26 novembre 2001, 11:45, par Zakouski

Extraits du discours prononcé par M. Francis Teitgen,

Bâtonnier de l’Ordre des Avocats à la Cour de Paris

le vendredi 16 novembre 2001

Terrorisme contre démocratie

" En tant que collectivité d’avocats, nous ne pouvons tomber en cette première année du 3ème millénaire dans la grande peur de l’an 1000.

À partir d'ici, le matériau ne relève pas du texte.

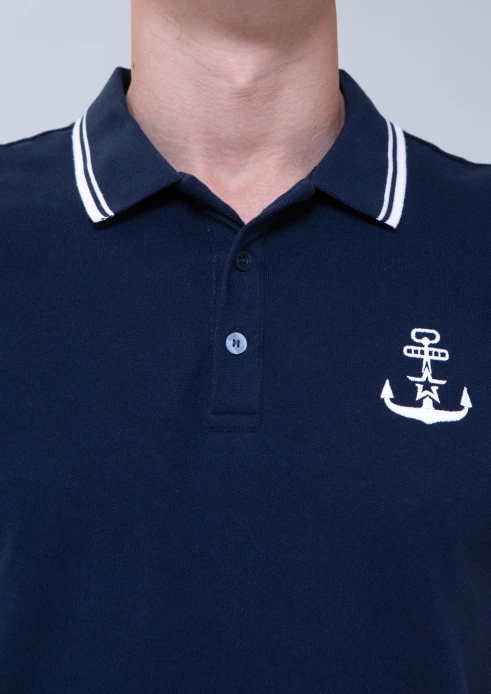 Купить футболка-поло мужская «якорь» темно-синяя в интернет-магазине ArmRus по выгодной цене. - изображение 4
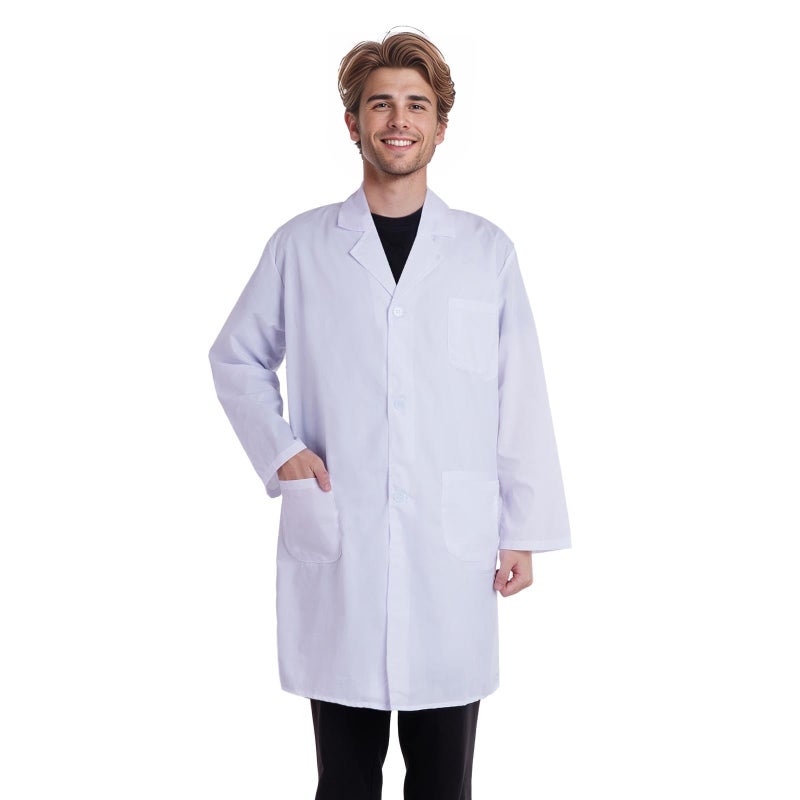 mifengda Scientist Costume Women Men Halloween White Flat Long Sleeve Lab Coats Unisex Halloween Lab Coat Adult Doctor Costume Accessories for Science Doctor Nurse Student(XL) - Image 1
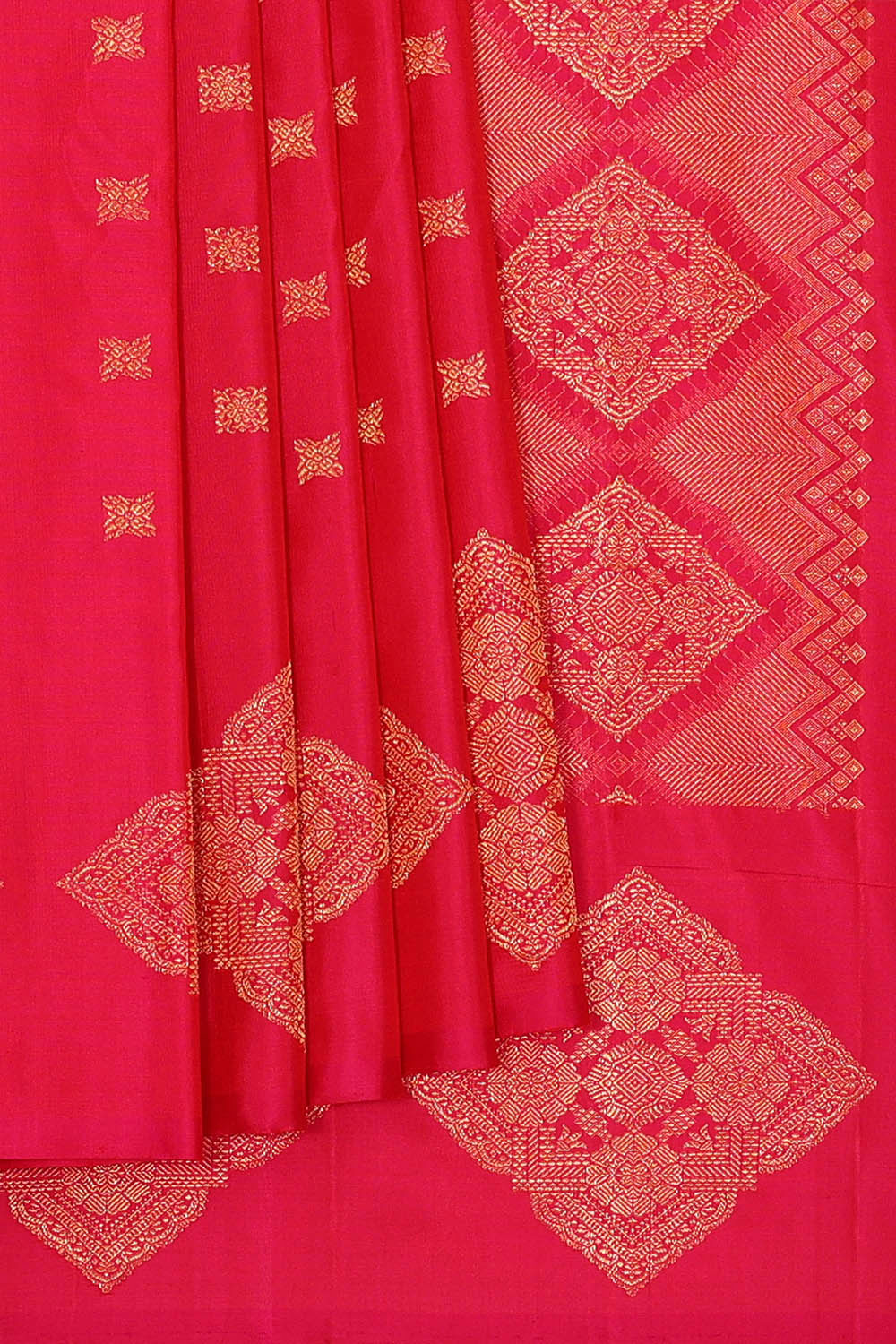 Image of Gadwal Silk Reddish Pink Saree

Nous devons rappeler, toujours et partout, avec calme et détermination, que le droit est un instrument de lutte des démocraties contre le terrorisme.

[…]

La force des démocraties, victorieuses dans la guerre, est de n’avoir pas succombé à la tentation de vae victis. Elles ne se satisfont pas d’exécutions sommaires, quand bien même il s’agit d’auteurs des crimes les plus abominables. Elles affirment leurs valeurs comme les meilleures armes contre l’horreur des camps, l’holocauste et la dictature.

[…]

Tous les avocats du monde tiennent aujourd’hui un discours difficile qui est celui de la force du droit. Nous ne sommes pas sûrs que ce discours soit audible. Nous ne sommes pas certains qu’il soit compris par tous et chacun. Mais c’est notre mission que de marteler ces vérités-là, et c’est parce que c’est difficile que nous l’oserons.

[…]

Sécurité et liberté

Nous sommes encore inquiets parce que nous sentons revenir sur le devant de la scène une idéologie sécuritaire qui souffle comme un mauvais vent.

[…]

S’il n’y a pas assez de policiers pour arrêter les auteurs des infractions, ce n’est pas que la loi est mauvaise, c’est parce qu’il n’y a pas assez de policiers pour arrêter les auteurs des infractions.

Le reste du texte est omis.